Edward… I’m not happy.


As I’ve mentioned previously, our youngest son has been battling a condition known as Cyclic Vomiting Syndrome for the better part of three months. It’s disrupted his home life, blown his school attendance out of the water, and generally consigned him to a never-ending rotation of doctors, specialist, chiropractors, shamans, witch doctors, faith healers, and boogeymen.

Yesterday was the first day back at school after their winter break for most kids in Western Australia, and Master 8 had his heart set on joining them. He’d set a personal goal of having his vomiting under control enough to attend: CVS it can be managed, if not completely eliminated, at least until some magic point where he ‘grows out of it’. All he needed to do was have a run whereby he stayed vomit-free between 8am and 3pm, and we were all set to send him back.
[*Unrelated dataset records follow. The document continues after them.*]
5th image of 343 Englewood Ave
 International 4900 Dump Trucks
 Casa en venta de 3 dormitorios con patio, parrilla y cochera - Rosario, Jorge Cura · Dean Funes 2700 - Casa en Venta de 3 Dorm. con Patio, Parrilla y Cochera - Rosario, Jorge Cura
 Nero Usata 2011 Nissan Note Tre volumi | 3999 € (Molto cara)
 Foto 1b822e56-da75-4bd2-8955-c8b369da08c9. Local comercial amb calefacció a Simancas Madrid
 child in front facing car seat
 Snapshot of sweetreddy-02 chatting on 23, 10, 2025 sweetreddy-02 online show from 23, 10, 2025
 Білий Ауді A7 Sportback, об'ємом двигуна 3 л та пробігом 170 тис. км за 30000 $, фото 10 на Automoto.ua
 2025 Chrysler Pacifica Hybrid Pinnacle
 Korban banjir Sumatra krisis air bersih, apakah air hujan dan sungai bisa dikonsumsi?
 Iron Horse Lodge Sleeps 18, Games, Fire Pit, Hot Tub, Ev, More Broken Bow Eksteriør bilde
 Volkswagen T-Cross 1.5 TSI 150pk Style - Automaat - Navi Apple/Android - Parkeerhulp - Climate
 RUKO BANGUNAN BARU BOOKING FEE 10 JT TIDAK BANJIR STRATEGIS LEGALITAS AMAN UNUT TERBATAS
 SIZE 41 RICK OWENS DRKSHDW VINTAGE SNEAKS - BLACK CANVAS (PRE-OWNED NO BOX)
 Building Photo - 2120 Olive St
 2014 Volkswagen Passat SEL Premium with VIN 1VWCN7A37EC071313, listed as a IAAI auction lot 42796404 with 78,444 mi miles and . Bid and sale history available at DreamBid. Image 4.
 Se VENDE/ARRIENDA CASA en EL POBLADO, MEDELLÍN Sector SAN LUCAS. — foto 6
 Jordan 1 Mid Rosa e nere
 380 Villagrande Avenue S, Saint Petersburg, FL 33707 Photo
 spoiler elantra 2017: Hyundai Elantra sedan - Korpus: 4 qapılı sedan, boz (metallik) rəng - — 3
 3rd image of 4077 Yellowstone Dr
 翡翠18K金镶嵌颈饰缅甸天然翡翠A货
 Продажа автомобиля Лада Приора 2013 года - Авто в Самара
His bag was packed, he was full of chatter about catching up with friends, he had a project he’d been working on he wanted to show the class…

Yeah, you know where this is heading.

Last night, we gathered on our bed and had us a family meeting– Master 8, his Mum, and me. And we’ve decided that it’s time to formalise the teaching arrangement that’s been forced upon us over the last 12-odd weeks. From now until the condition clears, at the minimum, we’ll be formally home schooling him. Even if he went back to school, the chances of him passing Year 3 were touch and go. More time away will only confirm the need to repeat. At home, he’ll get the attention, focus and targeted goal-setting that will give him the best chance to continue his education with the minimum of disruption. 10 puke-breaks a day are more easily accommodated when you’re sat round the kitchen table with your Mum.

There’s a lot of running around to be done: associations to be contacted; permissions signed; forms and letters and probably blood, sperm and third-eye aqueous humour samples to be given; but it’s the right decision, and gives him a chance to have a normal schooling life that takes his condition into account.

Thankfully, he’s a boy with a sense of adventure, and he’s set himself to see the possibilities in the arrangement– ‘school schools’ don’t hit the zoo, the beach, the museum or the public libraries anywhere near as much as home schools do, so he tells us….

Sometimes, wanting the best for your children makes your chest too tight.